Mesela, Ankaragücü’ne gelen 15 kişiyle, gönderilen 17 kişinin yarattığı transfer skandalı, medyanın tasarrufu muydu?
Sarı lacivertli takımın en önemli iki oyuncusu Umut Bulut ile Ceyhun Eriş’i de medya mı sattırmıştı?
Bir önceki sezonun mucize kurtarıcısı Hikmet Karaman’ı kulüpten kaçıran, takımı acemi teknik adam Bozinoski’ye teslim eden ve 5. haftada zoru görünce Avustralyalıyı kovup, Karaman’ı apar topar Beştepe’ye buyur eden de medya mıydı?
Devre arasında herkes takımını ileriye dönük birkaç oyuncuyla takviye ederken, 30-33 yaş grubu oyuncuları alarak, günü kurtarma telaşına düşen de medya değildi herhalde?
Yıllık ortalama geliri, 8-10 milyon dolar arasında olan Ankaragücü kulübünü, kötü yönetip, ekonomik sıkıntı içine sokan, bankalardan kredi alarak suni solunum yaptıran da medya mıydı?

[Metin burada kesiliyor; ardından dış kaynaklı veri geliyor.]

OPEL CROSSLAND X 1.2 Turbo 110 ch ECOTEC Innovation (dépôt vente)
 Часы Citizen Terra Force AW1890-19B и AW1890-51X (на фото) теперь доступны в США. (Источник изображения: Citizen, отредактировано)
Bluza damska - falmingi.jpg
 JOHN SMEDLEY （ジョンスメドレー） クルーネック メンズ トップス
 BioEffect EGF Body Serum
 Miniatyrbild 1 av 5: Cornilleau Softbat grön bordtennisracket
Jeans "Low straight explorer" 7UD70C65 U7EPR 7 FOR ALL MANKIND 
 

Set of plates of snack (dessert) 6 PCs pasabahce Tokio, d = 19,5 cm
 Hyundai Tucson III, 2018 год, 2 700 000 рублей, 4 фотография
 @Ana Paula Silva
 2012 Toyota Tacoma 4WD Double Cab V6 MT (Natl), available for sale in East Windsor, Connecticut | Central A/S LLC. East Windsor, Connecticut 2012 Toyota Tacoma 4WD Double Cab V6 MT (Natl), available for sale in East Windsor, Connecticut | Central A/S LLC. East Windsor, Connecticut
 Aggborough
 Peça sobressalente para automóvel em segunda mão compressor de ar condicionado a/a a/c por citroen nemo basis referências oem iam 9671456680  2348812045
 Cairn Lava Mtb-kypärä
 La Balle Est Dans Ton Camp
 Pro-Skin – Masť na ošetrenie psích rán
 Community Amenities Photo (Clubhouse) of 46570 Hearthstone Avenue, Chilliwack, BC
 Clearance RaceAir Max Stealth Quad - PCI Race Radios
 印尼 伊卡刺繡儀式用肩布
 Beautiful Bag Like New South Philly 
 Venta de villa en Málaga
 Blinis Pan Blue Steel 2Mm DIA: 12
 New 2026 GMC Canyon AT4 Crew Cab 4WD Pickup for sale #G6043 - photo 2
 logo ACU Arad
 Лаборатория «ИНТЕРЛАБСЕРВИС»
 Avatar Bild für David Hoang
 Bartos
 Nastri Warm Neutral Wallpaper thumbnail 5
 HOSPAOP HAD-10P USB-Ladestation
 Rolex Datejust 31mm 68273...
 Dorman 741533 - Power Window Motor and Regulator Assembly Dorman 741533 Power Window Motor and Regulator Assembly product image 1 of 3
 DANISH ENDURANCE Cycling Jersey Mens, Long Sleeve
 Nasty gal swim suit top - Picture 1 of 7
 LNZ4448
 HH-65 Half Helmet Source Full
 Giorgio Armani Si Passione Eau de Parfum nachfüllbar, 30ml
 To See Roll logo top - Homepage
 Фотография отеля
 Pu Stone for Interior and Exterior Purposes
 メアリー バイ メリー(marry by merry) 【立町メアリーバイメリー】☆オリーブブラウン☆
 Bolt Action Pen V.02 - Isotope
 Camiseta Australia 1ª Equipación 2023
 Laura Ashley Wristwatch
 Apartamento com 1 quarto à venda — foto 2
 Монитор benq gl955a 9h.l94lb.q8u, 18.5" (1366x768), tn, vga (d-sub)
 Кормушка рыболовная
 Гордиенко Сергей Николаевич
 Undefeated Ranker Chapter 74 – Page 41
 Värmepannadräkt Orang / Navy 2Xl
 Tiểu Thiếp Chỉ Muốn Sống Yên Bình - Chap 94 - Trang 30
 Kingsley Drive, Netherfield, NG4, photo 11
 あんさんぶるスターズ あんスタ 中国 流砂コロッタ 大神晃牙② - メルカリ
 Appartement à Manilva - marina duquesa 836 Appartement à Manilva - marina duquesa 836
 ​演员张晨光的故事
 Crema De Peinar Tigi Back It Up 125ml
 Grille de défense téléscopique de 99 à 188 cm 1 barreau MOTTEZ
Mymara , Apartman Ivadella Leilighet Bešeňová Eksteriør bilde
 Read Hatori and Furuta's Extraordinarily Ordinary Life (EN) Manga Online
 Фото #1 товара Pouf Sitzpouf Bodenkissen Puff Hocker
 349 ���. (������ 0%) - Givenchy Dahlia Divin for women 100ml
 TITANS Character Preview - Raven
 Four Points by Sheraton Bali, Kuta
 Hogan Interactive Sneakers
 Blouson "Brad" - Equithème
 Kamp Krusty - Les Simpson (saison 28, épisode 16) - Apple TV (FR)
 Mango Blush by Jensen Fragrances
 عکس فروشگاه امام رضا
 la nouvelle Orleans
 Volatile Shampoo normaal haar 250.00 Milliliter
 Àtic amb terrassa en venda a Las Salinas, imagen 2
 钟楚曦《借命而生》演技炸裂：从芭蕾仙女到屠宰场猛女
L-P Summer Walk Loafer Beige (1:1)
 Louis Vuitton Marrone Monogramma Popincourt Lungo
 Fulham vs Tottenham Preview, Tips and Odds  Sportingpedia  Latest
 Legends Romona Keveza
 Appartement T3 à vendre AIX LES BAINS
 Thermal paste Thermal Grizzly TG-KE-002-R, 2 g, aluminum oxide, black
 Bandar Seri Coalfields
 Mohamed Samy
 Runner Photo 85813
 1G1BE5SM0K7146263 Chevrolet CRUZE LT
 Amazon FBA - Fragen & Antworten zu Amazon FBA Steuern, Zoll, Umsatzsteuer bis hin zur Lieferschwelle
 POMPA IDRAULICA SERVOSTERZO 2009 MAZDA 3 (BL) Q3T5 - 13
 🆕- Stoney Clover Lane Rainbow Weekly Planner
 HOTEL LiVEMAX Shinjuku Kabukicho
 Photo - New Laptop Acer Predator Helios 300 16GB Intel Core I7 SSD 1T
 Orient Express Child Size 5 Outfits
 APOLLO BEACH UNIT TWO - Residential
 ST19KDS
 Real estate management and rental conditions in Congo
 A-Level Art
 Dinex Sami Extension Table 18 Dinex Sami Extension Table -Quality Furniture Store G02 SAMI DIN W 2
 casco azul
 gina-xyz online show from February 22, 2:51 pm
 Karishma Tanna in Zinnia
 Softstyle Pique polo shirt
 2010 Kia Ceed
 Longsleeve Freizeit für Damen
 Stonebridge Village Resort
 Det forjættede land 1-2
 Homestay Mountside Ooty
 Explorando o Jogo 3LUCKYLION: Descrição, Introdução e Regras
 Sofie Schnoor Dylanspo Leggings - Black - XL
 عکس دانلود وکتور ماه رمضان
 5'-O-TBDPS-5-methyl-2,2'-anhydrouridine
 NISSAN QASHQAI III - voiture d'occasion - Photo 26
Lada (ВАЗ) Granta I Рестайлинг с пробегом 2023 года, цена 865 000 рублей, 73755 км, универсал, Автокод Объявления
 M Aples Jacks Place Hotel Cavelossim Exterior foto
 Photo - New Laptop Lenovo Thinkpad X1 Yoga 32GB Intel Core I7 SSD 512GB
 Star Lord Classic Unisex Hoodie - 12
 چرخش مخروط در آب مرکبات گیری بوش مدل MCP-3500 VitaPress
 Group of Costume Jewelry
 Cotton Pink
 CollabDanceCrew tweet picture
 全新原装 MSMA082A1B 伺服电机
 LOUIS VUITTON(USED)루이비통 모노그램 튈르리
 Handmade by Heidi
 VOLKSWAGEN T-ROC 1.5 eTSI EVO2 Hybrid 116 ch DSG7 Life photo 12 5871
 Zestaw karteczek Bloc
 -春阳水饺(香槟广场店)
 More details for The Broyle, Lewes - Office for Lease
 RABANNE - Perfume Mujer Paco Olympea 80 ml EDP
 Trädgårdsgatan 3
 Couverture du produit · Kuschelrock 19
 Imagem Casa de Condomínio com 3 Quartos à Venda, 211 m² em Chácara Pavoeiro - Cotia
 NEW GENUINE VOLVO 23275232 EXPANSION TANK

İşler kötü gidince, suçlu arama telaşıyla, tribündekilere, "Bunlar üç beş çapulcu.. Rantı paylaşamadılar da ondan bağırıyorlar bana" diyen de medya mıydı acaba?
Son yıllarda sıkça sorulan, "Ne olacak Ankaragücü’nün hali?" sorusunun sebebi de medya olmalıydı bazılarına göre.
Türkiye’de her alanda, siyasette, ekonomide, hukukta ve elbette sporda her zaman olduğu gibi, suçun kolayca yıkılabileceği bir kurum vardı, medya gibi.
Yapamayacaksınız, beceremeyeceksiniz, yönetemeyeceksiniz, bu nedenle insanlara acı çektireceksiniz ve bunların sorumlusu medya olacak. İşin garibi, buna inanmasalar da, inanmış gözüküp bağıranlar çıkacak.
Bakınız, ben son 3-4 yıldır çok iyi bir yöntem buldum kendime. Sizlere de öneriyorum, iç rahatlatıyor. "Kim bana ne söylerse, 10 katı ona olsun.. İyisi de kötüsü de.." deyip çıkıyorum.
Kızıp öfkelenmedim, nedenini bildiğim için. Ama üzüldüm son yaşananlara. Dost sandığım insanların, ihanetine uğrama duygusunu hissettim.
Ve herkes insan olmayı öğrenene kadar, Ankaragücü sevgimi bir kenara bıraktım.
Teşekkür hepinize..
ANKARA’daki Spor Sorumluları olarak, yaşanan Ozan Tuna olayının ardından bir araya gelip, "Bize verilen değer ve gösterilen saygıya karşılık verme" kararı almıştık. Tüm gazete ve televizyonlar, takdir edilecek büyük bir disiplinle karara uydu.
Bu tavrın, ne Ankaragücü taraftarı ne de kulübe emek verip alın teri akıtan, başarılı olmak için çalışan futbolcu ve teknik adamlarla ilgisi yoktu.
Bu, bir arkadaşımıza yönelik saldırının tepkisiydi.
Biz gazeteciler olarak, görevimizi yapmaya devam edeceğiz.
Yıllardır olduğu gibi, bugün ve yarınlarda hep olacağı gibi.
Ankaralıların ve Ankaragüçlülerin bu süreçte, gösterdiği HASSASİYET ve verdiği SAYGIDEĞER DESTEK için hepinize teşekkür ediyoruz.